Enterprise platforms (custom panels, full historical archives, API access, multi-brand tracking) start at $3,000 per month and scale into the $10K to $25K range for portfolio companies and agencies. The price reflects the panel size and the depth of source-citation capture, not the vendor's logo.
Software cost is rarely the binding constraint. The binding constraint is the human operator who reads the dashboard and acts on it. A $500 tool with a senior operator beats a $5,000 tool with an unstaffed dashboard every time.
See Veloice pricing for how we structure the analysis-plus-operator model.
A real example: a $14M B2B SaaS company running AEO analysis for the first time
A B2B SaaS company in the revenue-operations category came to us with healthy SEO traffic and a pipeline that had contracted 18 percent year over year. Their SEO tool said rankings were stable. They could not explain the pipeline gap.
We built a 120-query panel covering vendor-shortlist questions, category-definition questions, and feature-comparison questions. We ran the panel weekly against ChatGPT, Perplexity, Claude, and Google AI Overviews using Otterly.AI for capture and a custom warehouse layer for joins.
The results: their brand was named in 11 percent of vendor-shortlist queries on Day 1. Three competitors (one of them a Series A startup with a smaller content footprint) were named in 60 to 70 percent of the same queries. The reason was source citations.
Two of those competitors had heavy earned-media presence on Reddit, G2, and one industry publication. Our client had none.
In 90 days of focused earned-media and answer-first content rebuilds, citation share moved from 11 to 38 percent. Pipeline did not jump in 90 days. It moved in month four, when sales reported that prospect calls increasingly opened with "we saw you mentioned in." That is the loop AEO analysis software is supposed to enable.
The tool captured the gap. The team closed it. Read more in our B2B AI visibility case studies.
What AEO analysis software cannot do on its own?
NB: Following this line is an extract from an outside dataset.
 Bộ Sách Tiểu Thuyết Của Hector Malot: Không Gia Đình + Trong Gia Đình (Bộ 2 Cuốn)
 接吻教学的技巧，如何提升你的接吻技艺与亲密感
This is the part vendors do not put on the pricing page. AEO analysis software gives you data. It does not give you authority.
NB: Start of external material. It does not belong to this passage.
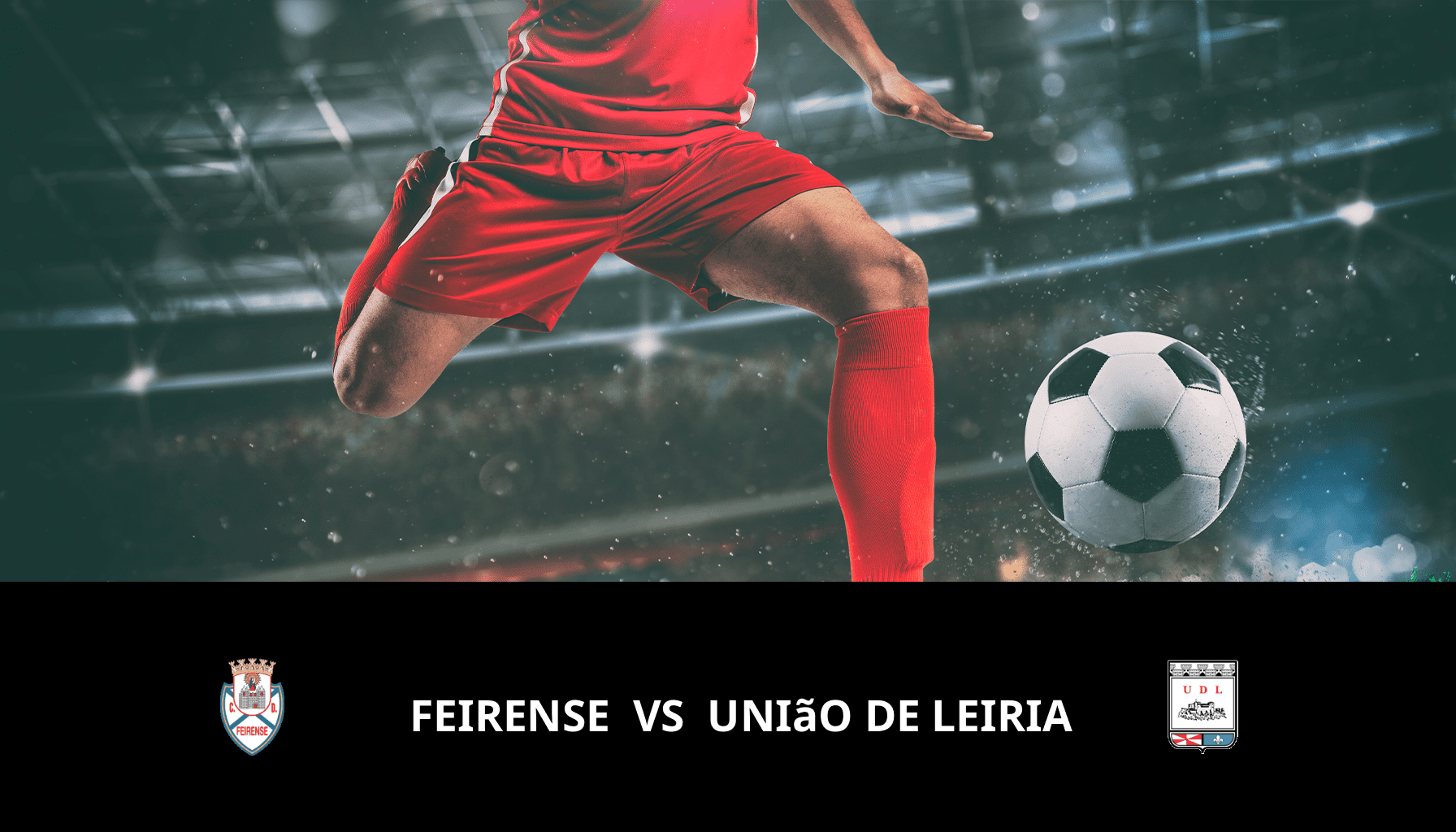 Previsione per Feirense VS União de Leiria il 04/05/2024 Analysis of the match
The tool will tell you that you are missing from 80 percent of vendor-shortlist queries in your category. It will not write the Reddit comment, pitch the trade publication, structure the FAQPage schema, or rebuild your category page in answer-first format. Those are operator jobs, and they take staffed hours.
The tool also will not fix entity ambiguity if your brand name conflicts with a common term. That is a brand-architecture decision, and it lives upstream of analytics.
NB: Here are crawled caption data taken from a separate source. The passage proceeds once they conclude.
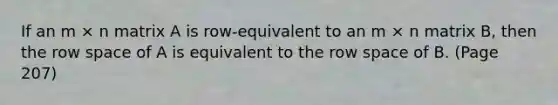 If an m × n matrix A is row-equivalent to an m × n matrix B, then the row space of A is equivalent to the row space of B. (Page 207)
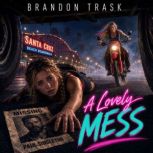 A Lovely Mess, Brandon Trask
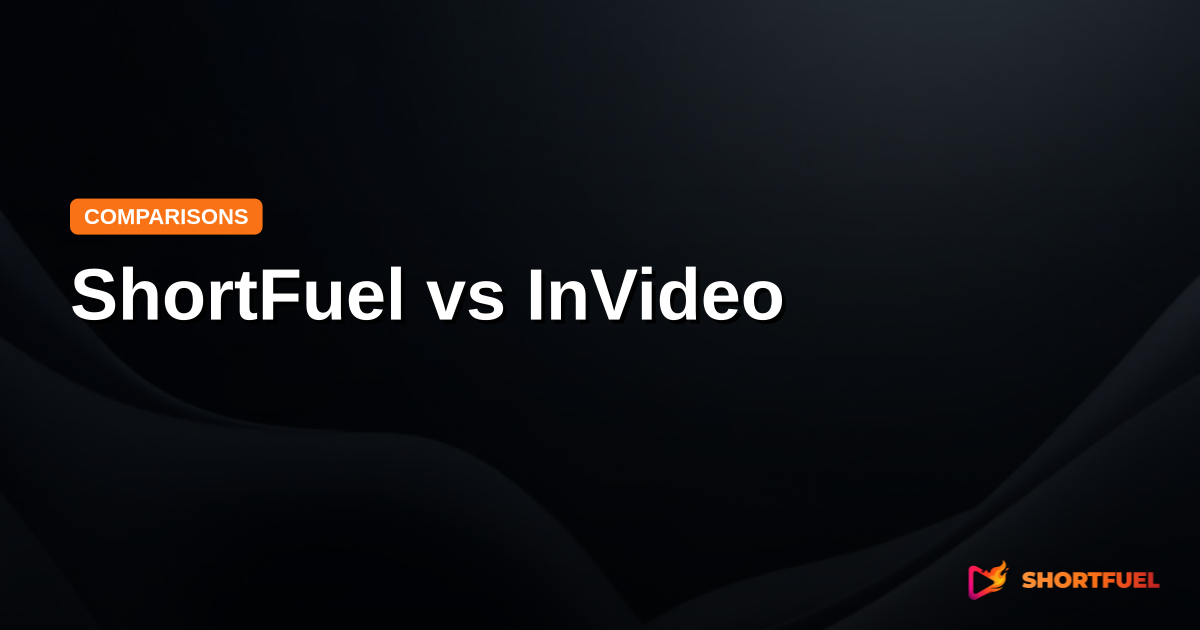 ShortFuel vs InVideo: Which is Better?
Finally, AEO analysis software cannot attribute pipeline on its own. It tells you which queries cite you. Joining those citations to closed-won revenue requires CRM data, UTM hygiene, and self-reported attribution from sales calls.
That work is methodology, not software. Per Harvard Business Review research on brand-led growth, authority closes deals, but only when the operating model around the data is honest about its limits.
If you are evaluating tools and a vendor pitches the dashboard as the strategy, walk. The dashboard is a thermometer. You still need a doctor.
Read the Veloice methodology for how we structure the operator side around the analysis data.
When should a B2B company actually invest in AEO analysis software?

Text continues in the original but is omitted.